2021- 0626 - 21:59:08.559358+0800 KCObjcBuild[81571:7062064] GCTeacher
(lldb) p/x pClass // Get the current class address
(Class) $0 = 0x0000000100004908 GCTeacher
(lldb) p/x 0x0000000100004908+0x20 // Memory offset gets bits
(long) $1 = 0x0000000100004928
(lldb) p (class_data_bits_t *)$1// Strong to bits
(class_data_bits_t *) $2 = 0x0000000100004928
(lldb) p $2->data()// Get data in bits
(class_rw_t *) $3 = 0x0000000101131b70
(lldb) p *$3// Prints the contents of the destination address of data: class_rw_t
(class_rw_t) $4 = {
  flags = 2148007936
  witness = 0
  ro_or_rw_ext = {
    std::__1::atomic<unsigned long> = {
      Value = 4294984032
    }
  }
  firstSubclass = nil
  nextSiblingClass = NSUUID
}
(lldb) p $4.protocols()// Get protocols from class_rw_t
(const protocol_array_t) $5 = {
  list_array_tt<unsigned long, protocol_list_t, RawPtr> = {
     = {
      list = {
        ptr = 0x0000000100004270
      }
      arrayAndFlag = 4294984304
    }
  }
}
(lldb) p $5.list  // Get the list of protocols
(const RawPtr<protocol_list_t>) $6 = {
  ptr = 0x0000000100004270
}
(lldb) p $6.ptr  // Get the PTR from protocols
(protocol_list_t *const) $7 = 0x0000000100004270
(lldb) p *$7  // Get the PROTOCOL_list_t in PTR
(protocol_list_t) $8 = (count = 1, list = protocol_ref_t [] @ 0x00007f922ab3a268) 
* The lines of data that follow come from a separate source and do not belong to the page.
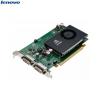 Placa video notebook lenovo nvidia quadro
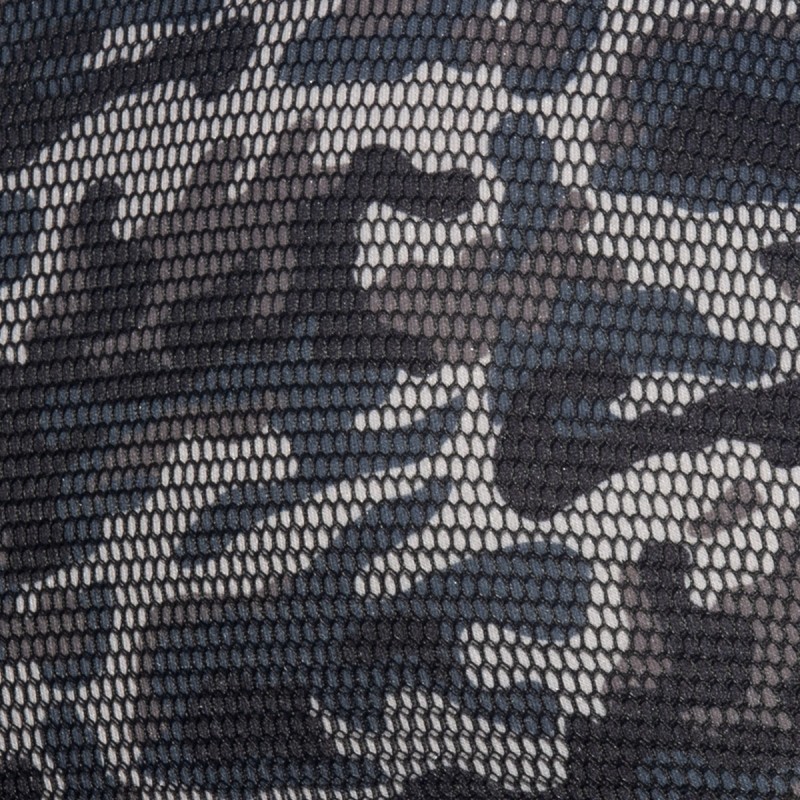 Ad Fetish Fuse Clip Vest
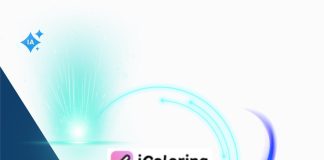 Cómo usar iColoring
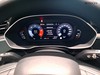 Audi Q3 sportback 35 2.0 tdi s line edition s tronic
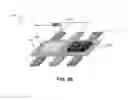 Fig. 05 - Integrated hall-controlled switch devices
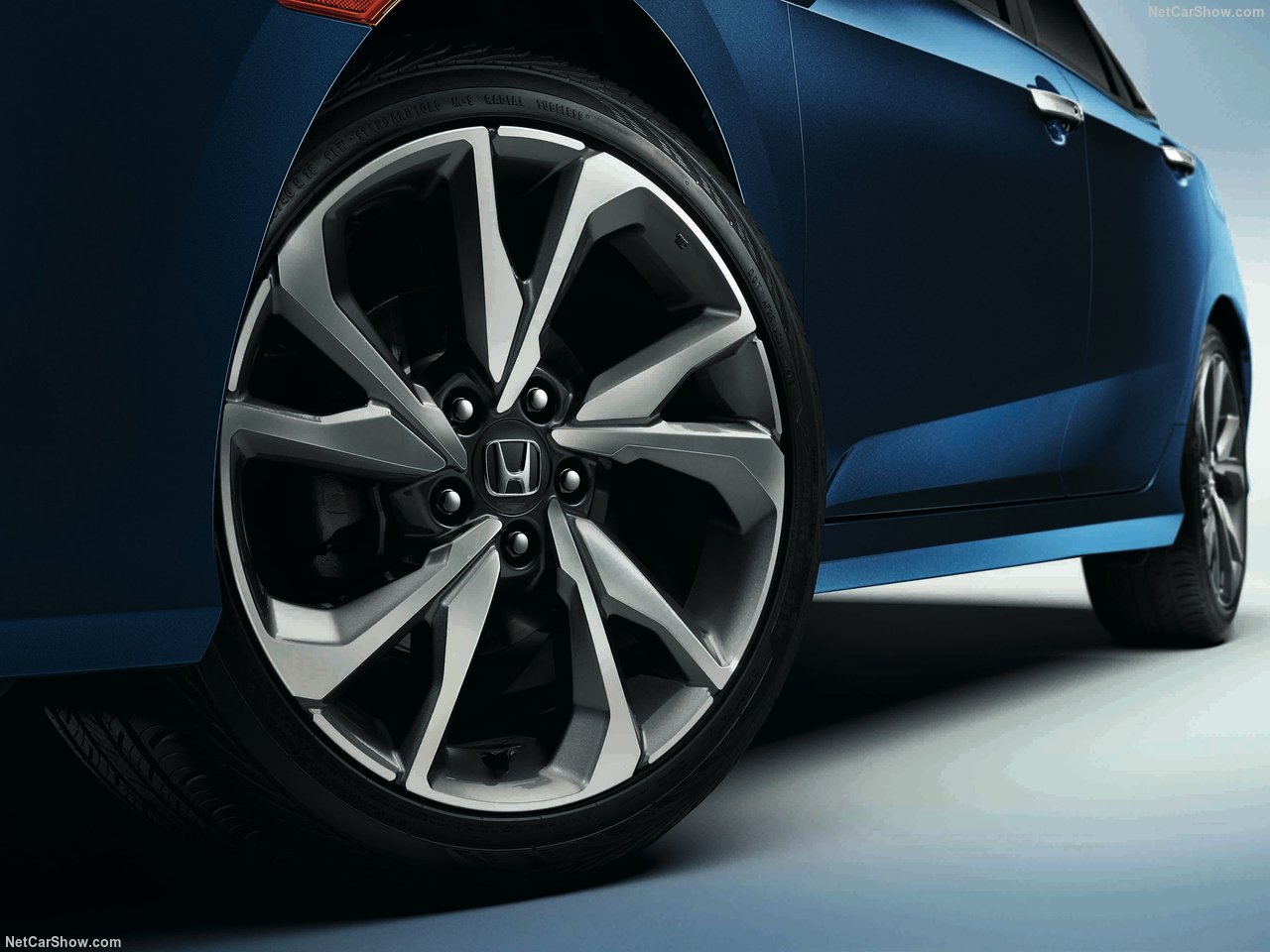 Araç Görseli Küçük 9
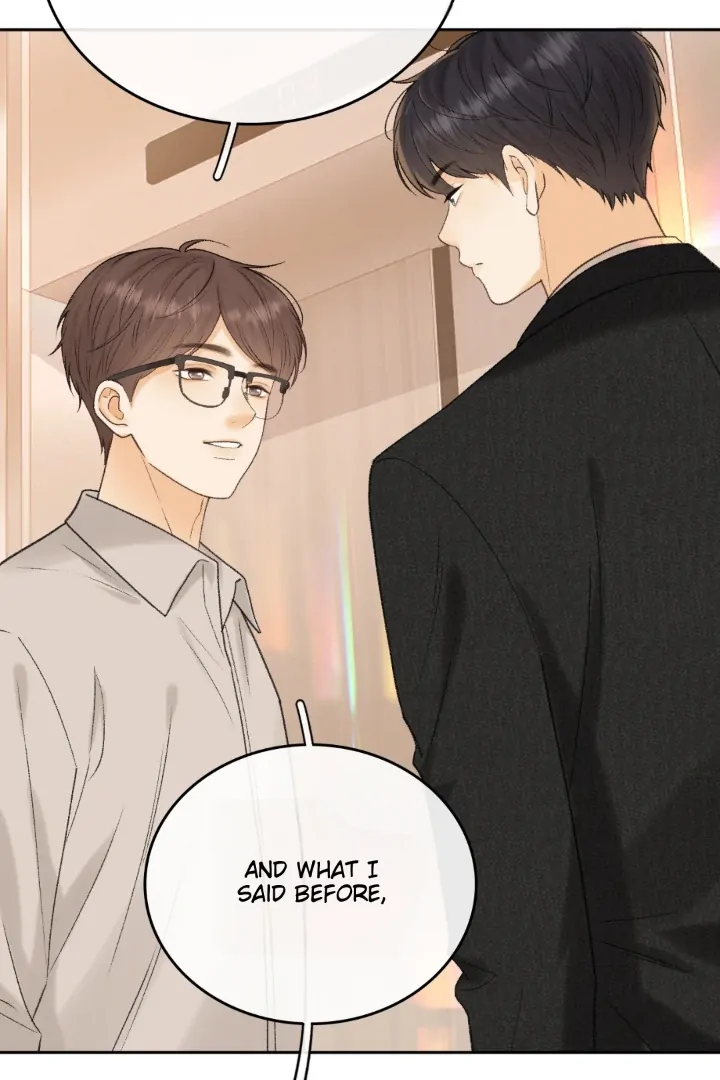 Read Eternal Love chapter 120 image 48 on Lezhin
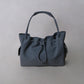Classic Daily Tote - Grey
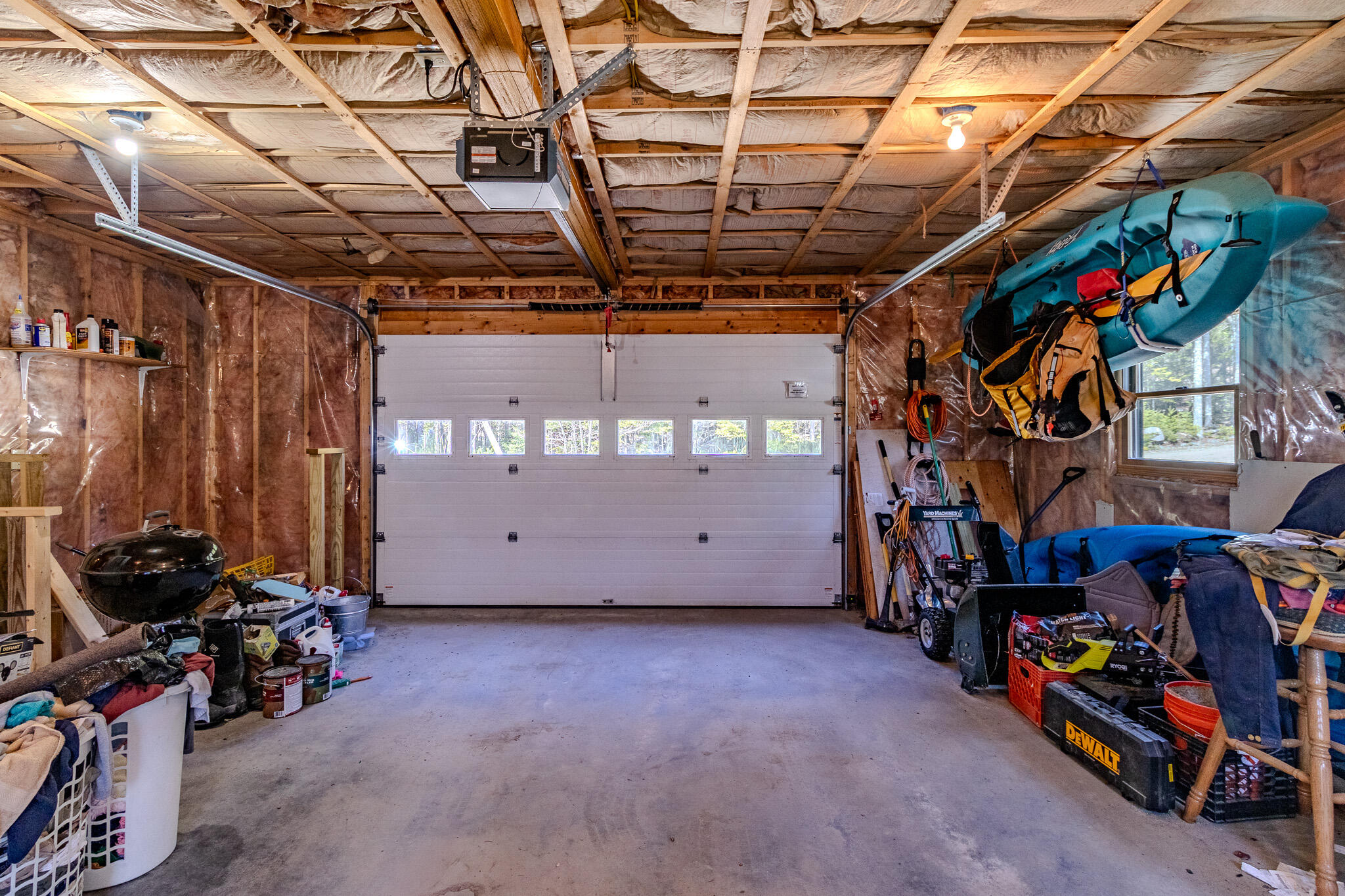 170 Ocean View Road Property Photo 45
(lldb) p $8.list[0]// Get a protocol_ref_t with index 0 from protocol_list_t
(protocol_ref_t) $10 = 4294986152
(lldb) p (protocol_t *)$10// Force protocol_ref_t to protocol_t
(protocol_t *) $11 = 0x00000001000049a8
(lldb) p *$11// Retrieve data stored in protocol_t
(protocol_t) $12 = {
  objc_object = {
    isa = {
      bits = 4298453192
      cls = Protocol
       = {
        nonpointer = 0
        has_assoc = 0
        has_cxx_dtor = 0
        shiftcls = 537306649
        magic = 0
        weakly_referenced = 0
        unused = 0
        has_sidetable_rc = 0
        extra_rc = 0
      }
    }
  }
  mangledName = 0x0000000100003e89 "TestDelegate"
  protocols = 0x0000000100004338
  instanceMethods = 0x0000000000000000
  classMethods = 0x0000000000000000
  optionalInstanceMethods = 0x0000000100004350
  optionalClassMethods = 0x0000000000000000
  instanceProperties = 0x0000000000000000
  size = 96
  flags = 0
  _extendedMethodTypes = 0x0000000100004370
  _demangledName = 0x0000000000000000
  _classProperties = 0x0000000000000000
}
(lldb) p *$12.optionalInstanceMethods// Get optionalInstanceMethods in PROTOCOL_T
(method_list_t) $15 = {
  entsize_list_tt<method_t, method_list_t, 4294901763, method_t::pointer_modifier> = (entsizeAndFlags = 24, count = 1)
}
(lldb) p $15.get(0).big()// Print data with index=0 in optionalInstanceMethods
(method_t::big) $17 = {
  name = "testDelegate"
  types = 0x0000000100003ec6 "v16@0:8"
  imp = 0x0000000000000000
}
(lldb) 
Copy the code

The protocol_T protocol is obtained successfully, which is a supplement to the Class content explored earlier.